Страница 33 из 62
Конечно, легко сказать, что все это ерунда. Но сказать и обосновать — вещи разные.
А можно попробовать объяснить поляризацию света и с корпускулярной точки зрения. Для этого достаточно ввести гипотезу, что сами световые корпускулы аналогичны магнитикам, а кристалл просто приводит в порядок их расположение. Кстати, автор последней гипотезы не кто иной, как Ньютон. Именно он первый уловил исключительное значение опытов Гюйгенса, опытов, в которых, по его выражению, проявились «изначальные» свойства света.

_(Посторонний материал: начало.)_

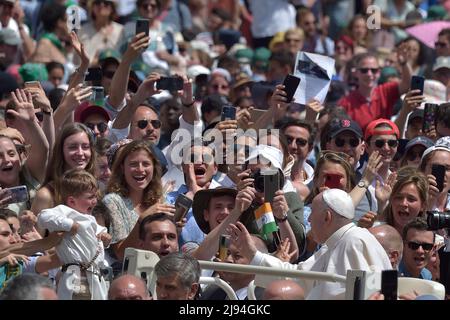 Le pape François nomme dix nouveaux saints lors d'une messe de canonisation sur la place Saint-Pierre, le 15 mai 2022 à la Cité du Vatican, au Vatican. Au début de la célébration liturgique, le Pape a proclamé de nouveaux saints : Titus Brandsma, Lazzarus Devasahayam, César de bus, Luigi Maria Palazolo, Giustino Maria Russolillo, Charles de Foucauld, Maria Rivier, Maria Francesca de Jésus Rubatto, Maria de Jésus Santocanale et Maria Domenica Mantovani, cinq d'Italie, trois de France, un d'Inde et un des pays-Bas, le 15 mai 2022 Banque D'Images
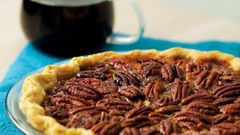  2 cách làm bánh hồ đào - pecan pie vỏ giòn thơm ngon cho ngày Lễ Tạ ơn 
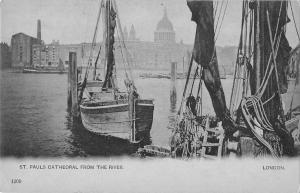 BR79575 st paul s cathedral from the river  london  ship bateaux  uk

Короче, не стоит удивляться, что гипотеза поперечности световых колебаний была принята физиками с таким трудом. Она казалась им очень неестественной. Признание поперечных колебаний в эфире означало отказ от модели газообразного эфира! Ведь в газах поперечные волны отсутствуют!

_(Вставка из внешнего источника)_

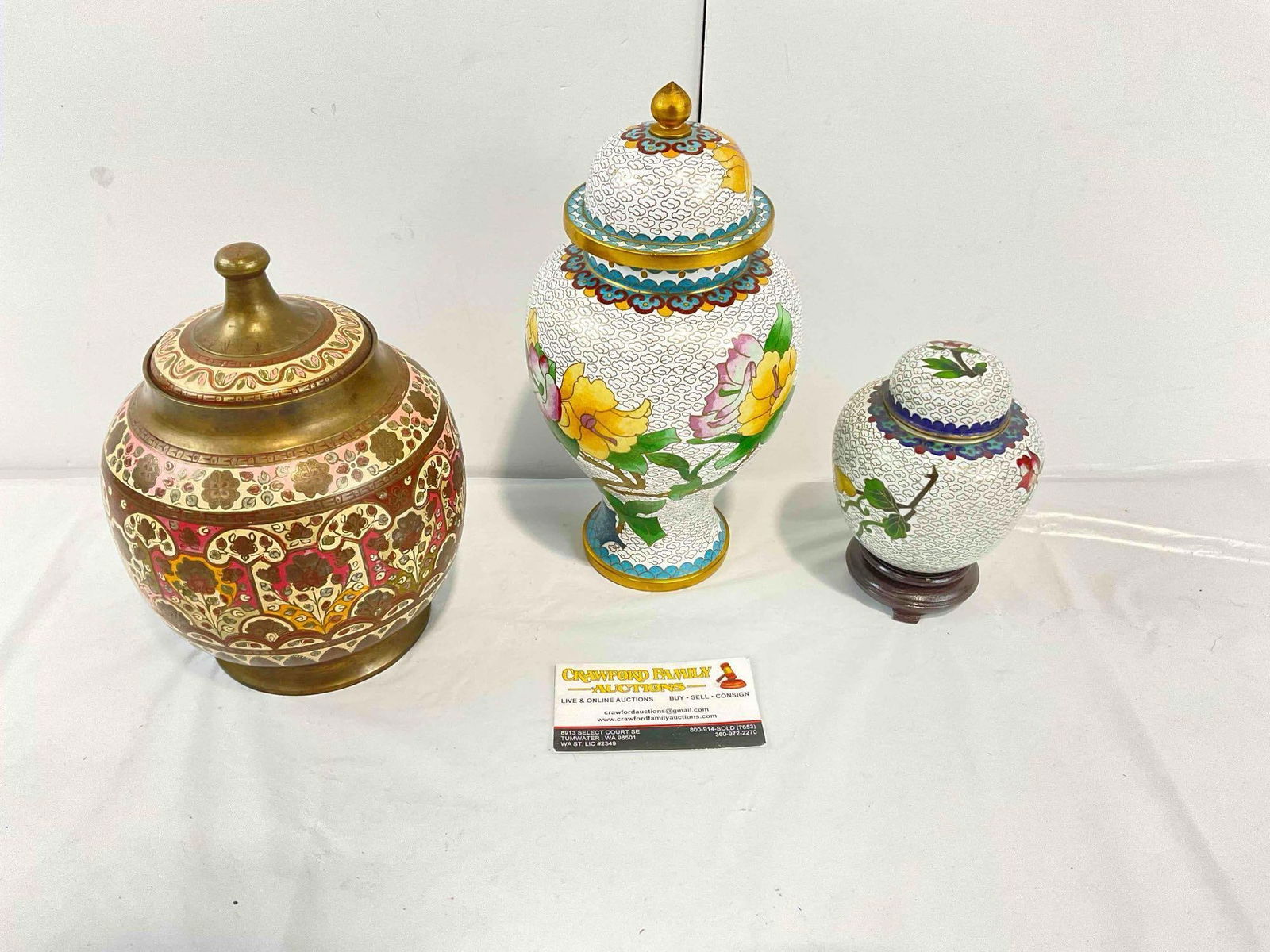 3 pcs Vintage Lidded Jars, 2x White Cloisonne Ginger Jars & 1x Painted Brass Jar. See pics. (1 of 10)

Следовательно, приходилось перестраиваться и представлять эфир каким-то аналогом твердых тел.
Но в этом случае уж совершенно непонятно, как в таком эфире небесные тела двигаются без трения! И это еще не все. Во всех твердых и жидких телах могут распространяться как поперечные, так и продольные волны. А Френель и Араго в начале XIX столетия проделали опыты[36], объяснить которые можно было, только предположив, что продольные колебания в световых лучах совершенно отсутствуют. И это было уже совсем нехорошо!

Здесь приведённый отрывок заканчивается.